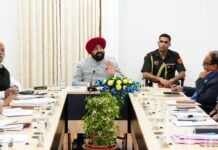 राज्यपाल ने राजकीय विश्वविद्यालयों की समीक्षा बैठक ली, गुणवत्तापूर्ण और छात्र केन्द्रित शिक्षा पर दिया जोर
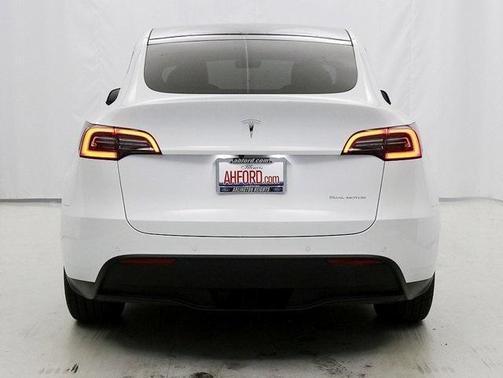 2021 tesla model y in minneapolis, minnesota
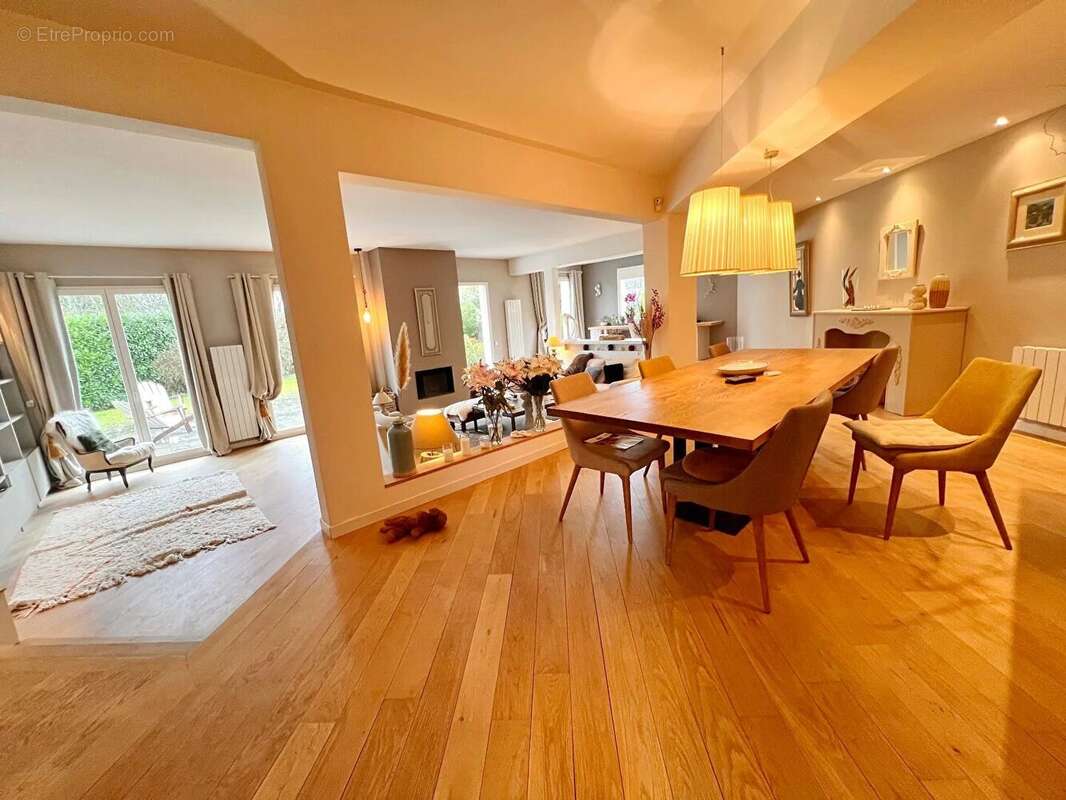 Maison à SAINT-NOM-LA-BRETECHE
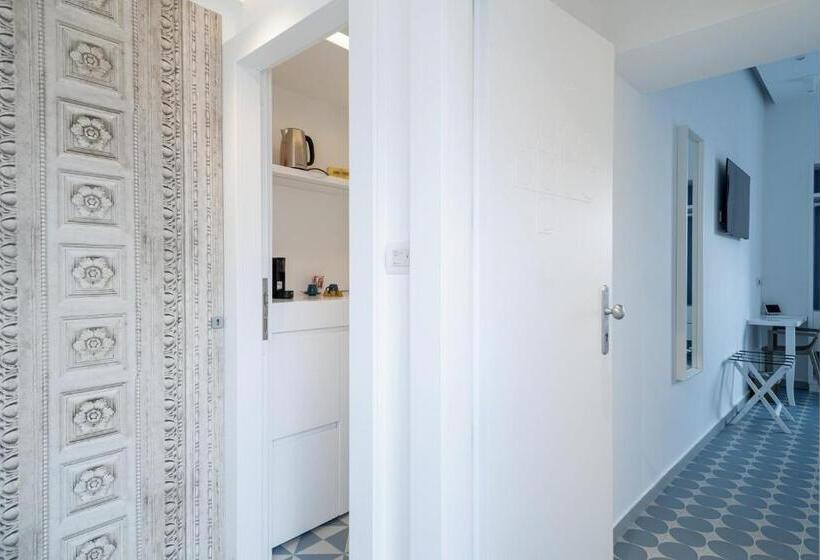 اتاق استاندارد با تراس, Capri Marina Suite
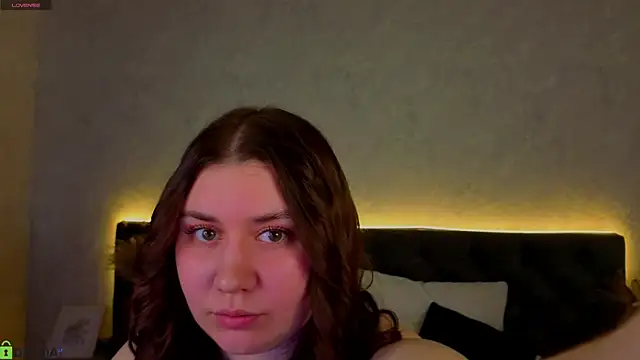 Maya Raay online show from 04-11-26, 01:13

___

WHAT YOU HAVE TO DO => Drop the pictures and copy the data exactly.

REPLY TO THE TASK =>
 राज्यपाल ने राजकीय विश्वविद्यालयों की समीक्षा बैठक ली, गुणवत्तापूर्ण और छात्र केन्द्रित शिक्षा पर दिया जोर
 2021 tesla model y in minneapolis, minnesota
 Maison à SAINT-NOM-LA-BRETECHE
 اتاق استاندارد با تراس, Capri Marina Suite
 Maya Raay online show from 04-11-26, 01:13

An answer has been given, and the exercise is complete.